Anna Green Winslow
Deceased Person
1759 – 1779
Who was Anna Green Winslow?
Anna Green Winslow, a member of the prominent Winslow family of Boston, Massachusetts, United States, was a girl who wrote a series of letters to her mother between 1771 and 1773 that portray the daily life of the gentry in Boston at the first stirrings of the American Revolution. She made copies of the letters into an eight-by-six-and-a-half-inch book in order to improve her penmanship, making the accounts a sort of diary as well. This diary, edited by 19th-century American historian and author Alice Morse Earle, was published in 1894 under the title Diary of Anna Green Winslow, A Boston School Girl of 1771, and has never gone out of print. The diary provides a rare window into the life of an affluent teenage girl in colonial Boston. While making some changes for contemporary readers, Earle kept the original fanciful spelling and capitalization.

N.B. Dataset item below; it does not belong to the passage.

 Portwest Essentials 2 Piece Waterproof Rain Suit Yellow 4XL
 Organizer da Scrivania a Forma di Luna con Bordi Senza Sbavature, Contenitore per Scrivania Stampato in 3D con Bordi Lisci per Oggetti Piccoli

The Old South Meeting House, at which the Boston Tea Party was born and planned, has had programs on Anna Green Winslow since the 1990s. The Meeting House provides an "Anna's World Activity Kit" to parents on request, "filled with hands-on objects and activities that explore the 18th century meeting house through the eyes of 12-year-old congregation member Anna Green Winslow." Some of the programs have focused on introducing Girls, Inc. participants to journal writing, reading and a better understanding of women in history through Anna and poet Phyllis Wheatley.